REQUIRED ACTION:
Restate word for word the lines below from the one that has "Touca Cirúrgica Personalizada" through the one that has "vidaXL Πλαϊνό γραφείο", keeping both and dropping all pictures.

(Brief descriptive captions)
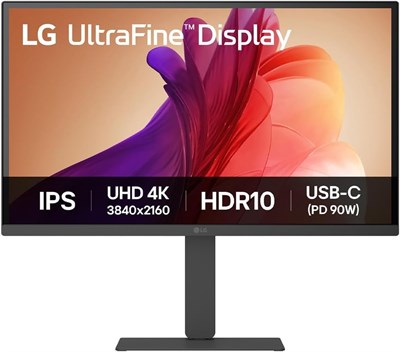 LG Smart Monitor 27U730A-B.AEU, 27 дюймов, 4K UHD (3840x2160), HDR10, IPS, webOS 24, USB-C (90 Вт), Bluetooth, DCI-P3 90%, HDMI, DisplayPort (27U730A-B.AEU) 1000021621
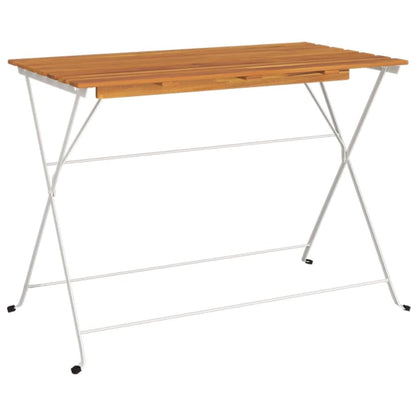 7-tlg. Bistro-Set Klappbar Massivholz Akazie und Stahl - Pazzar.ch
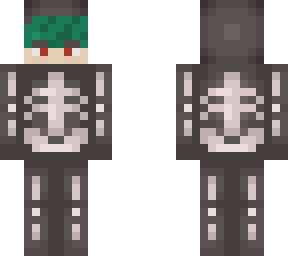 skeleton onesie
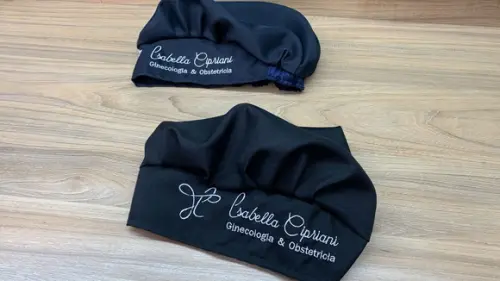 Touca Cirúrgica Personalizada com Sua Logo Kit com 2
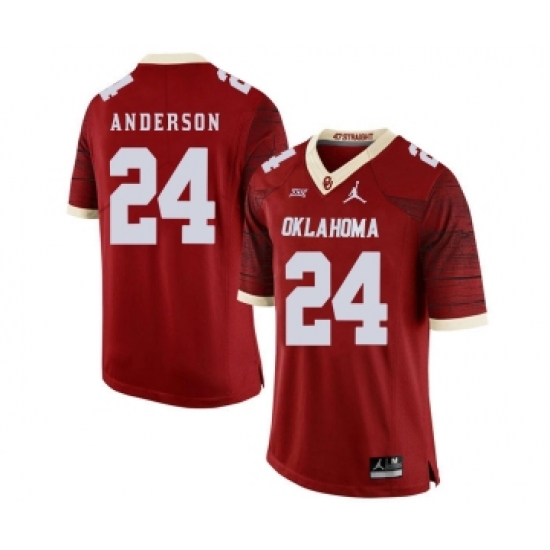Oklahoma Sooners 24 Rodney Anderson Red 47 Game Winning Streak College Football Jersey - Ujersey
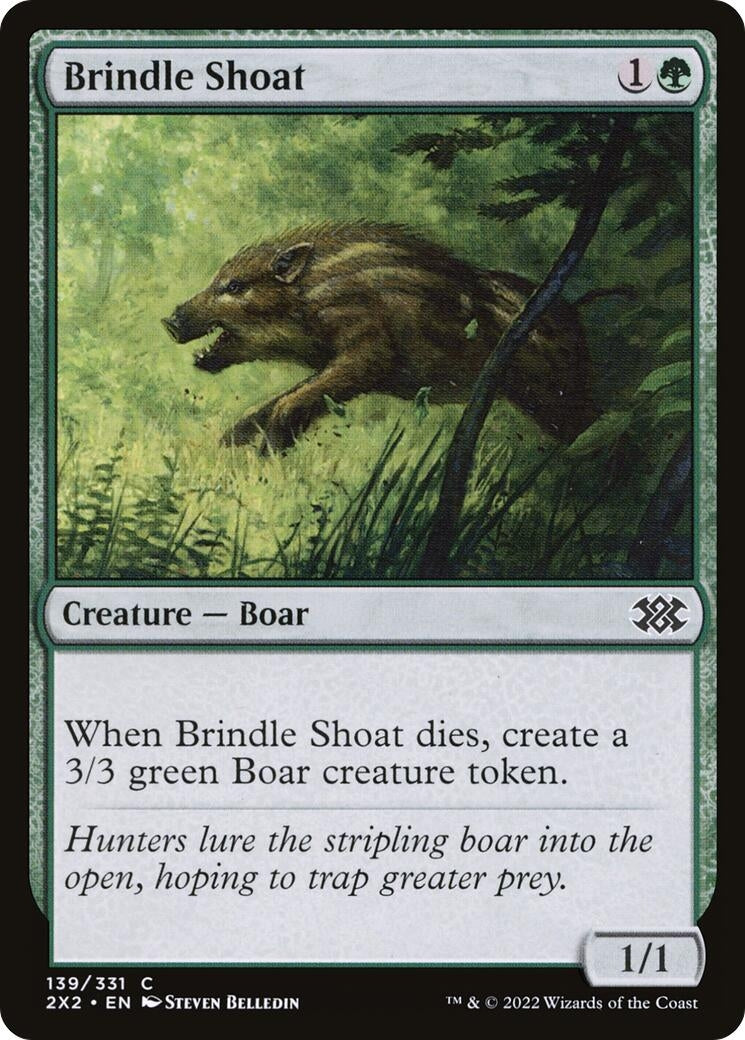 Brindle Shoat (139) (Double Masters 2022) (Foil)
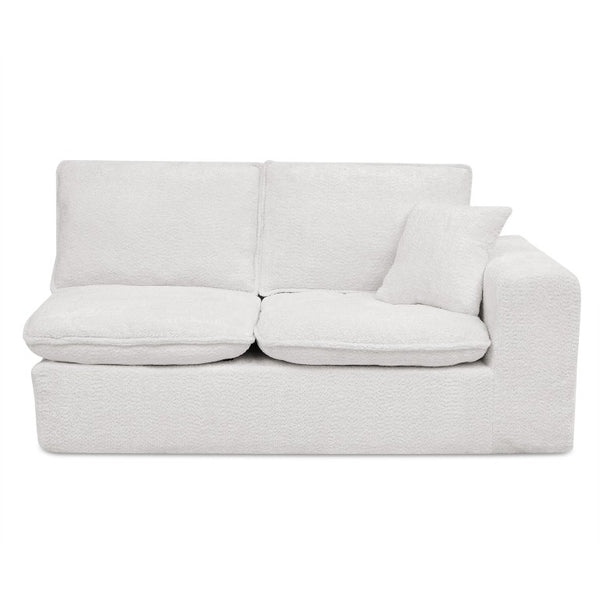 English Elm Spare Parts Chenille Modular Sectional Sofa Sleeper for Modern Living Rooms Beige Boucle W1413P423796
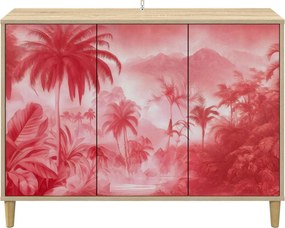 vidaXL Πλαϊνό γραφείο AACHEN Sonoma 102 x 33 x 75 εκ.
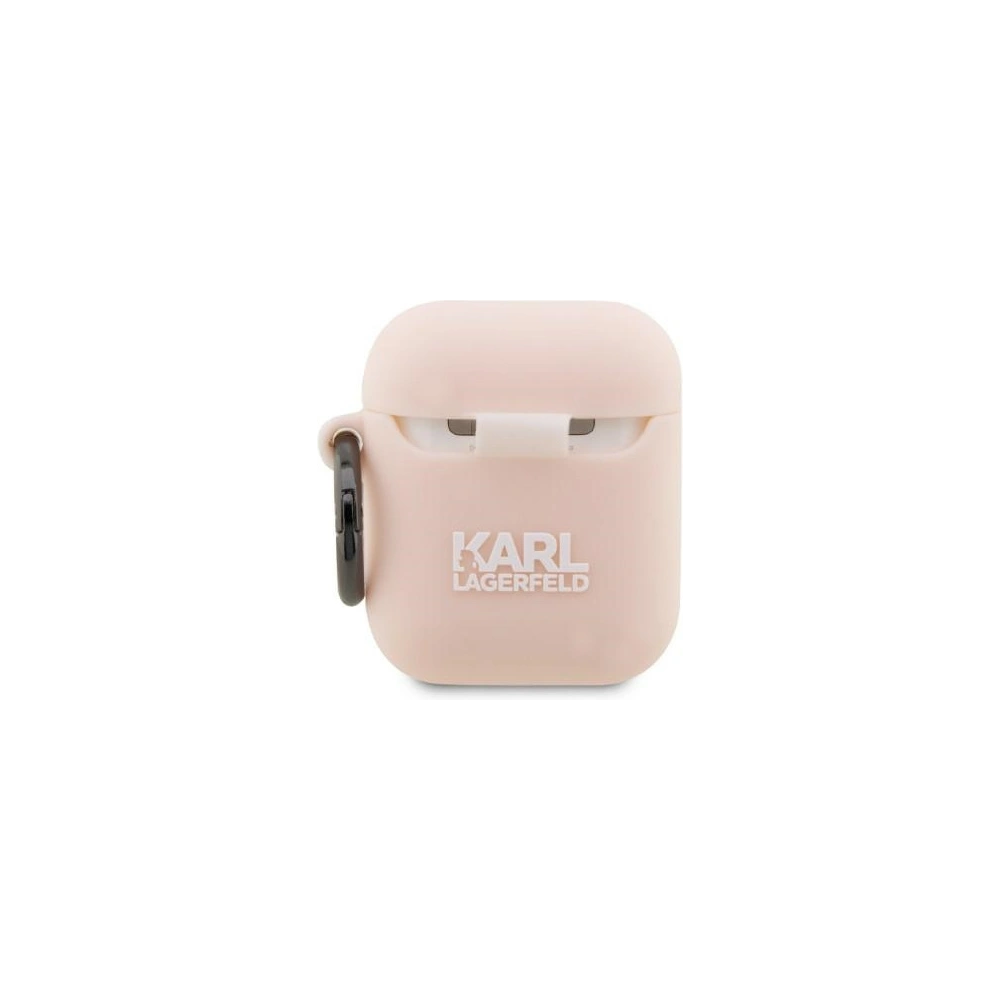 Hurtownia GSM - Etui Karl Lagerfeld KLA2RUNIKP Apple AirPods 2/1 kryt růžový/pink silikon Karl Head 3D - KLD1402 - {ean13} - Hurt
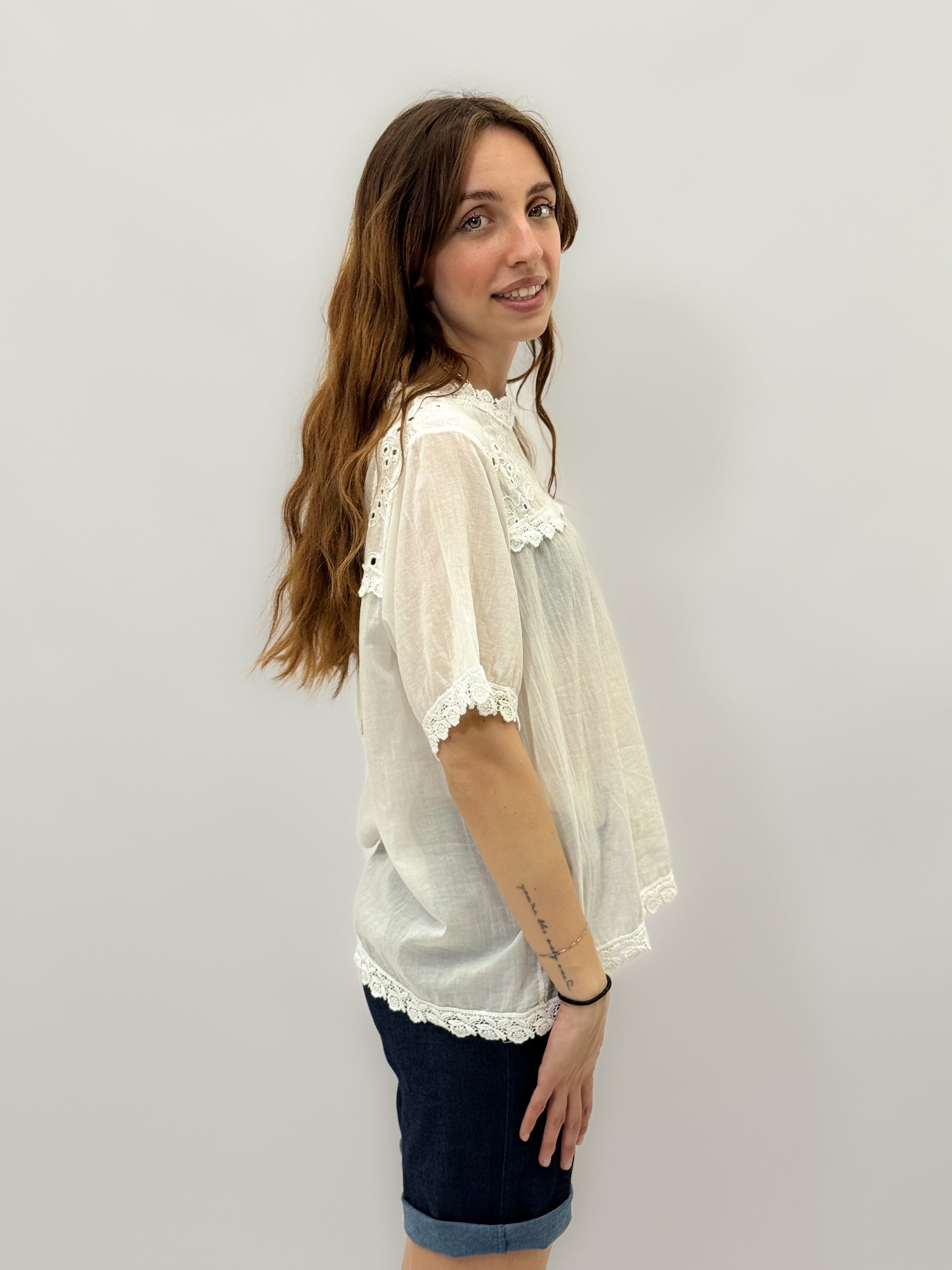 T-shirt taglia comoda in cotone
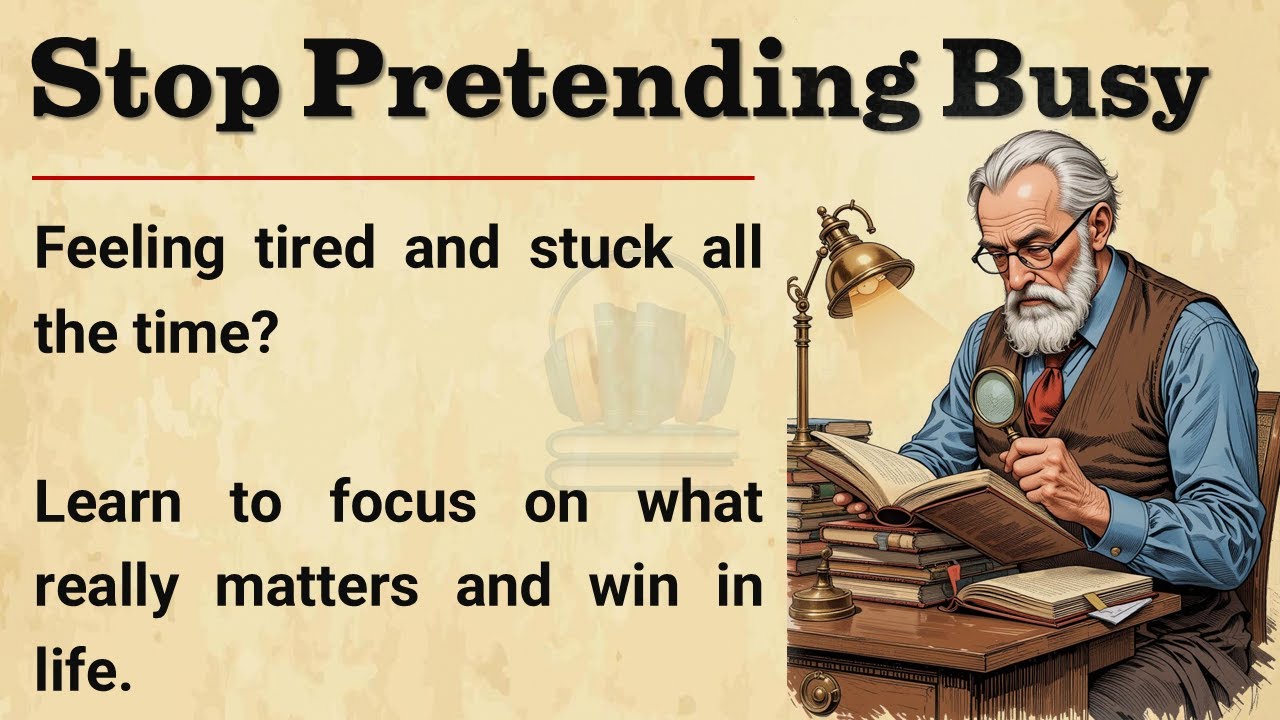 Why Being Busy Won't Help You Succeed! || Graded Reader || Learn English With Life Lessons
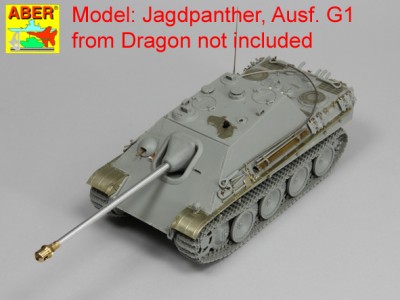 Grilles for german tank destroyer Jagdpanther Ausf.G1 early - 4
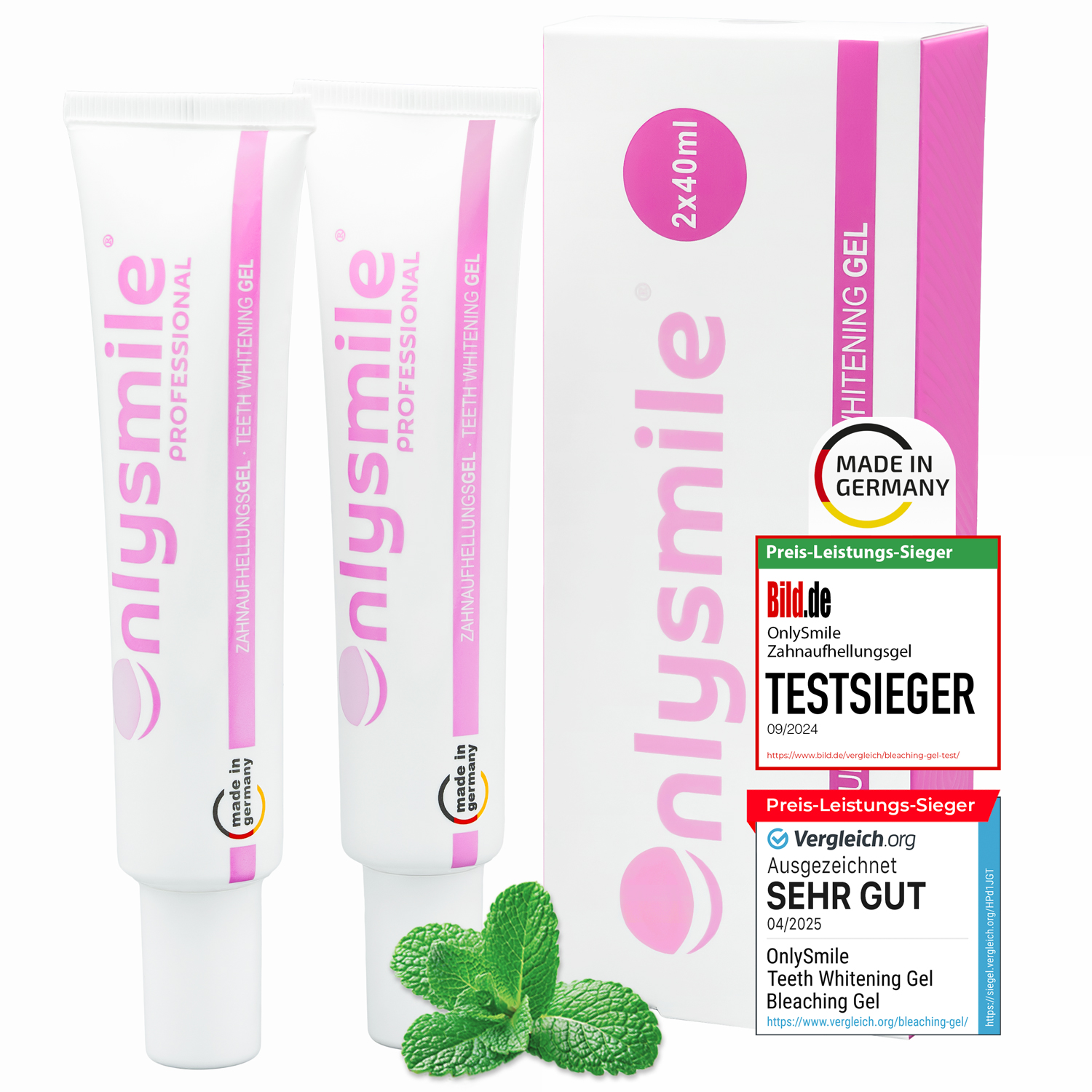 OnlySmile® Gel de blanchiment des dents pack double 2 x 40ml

WRITTEN SOLUTION:
 Touca Cirúrgica Personalizada com Sua Logo Kit com 2
Oklahoma Sooners 24 Rodney Anderson Red 47 Game Winning Streak College Football Jersey - Ujersey
 Brindle Shoat (139) (Double Masters 2022) (Foil)
 English Elm Spare Parts Chenille Modular Sectional Sofa Sleeper for Modern Living Rooms Beige Boucle W1413P423796
 vidaXL Πλαϊνό γραφείο AACHEN Sonoma 102 x 33 x 75 εκ.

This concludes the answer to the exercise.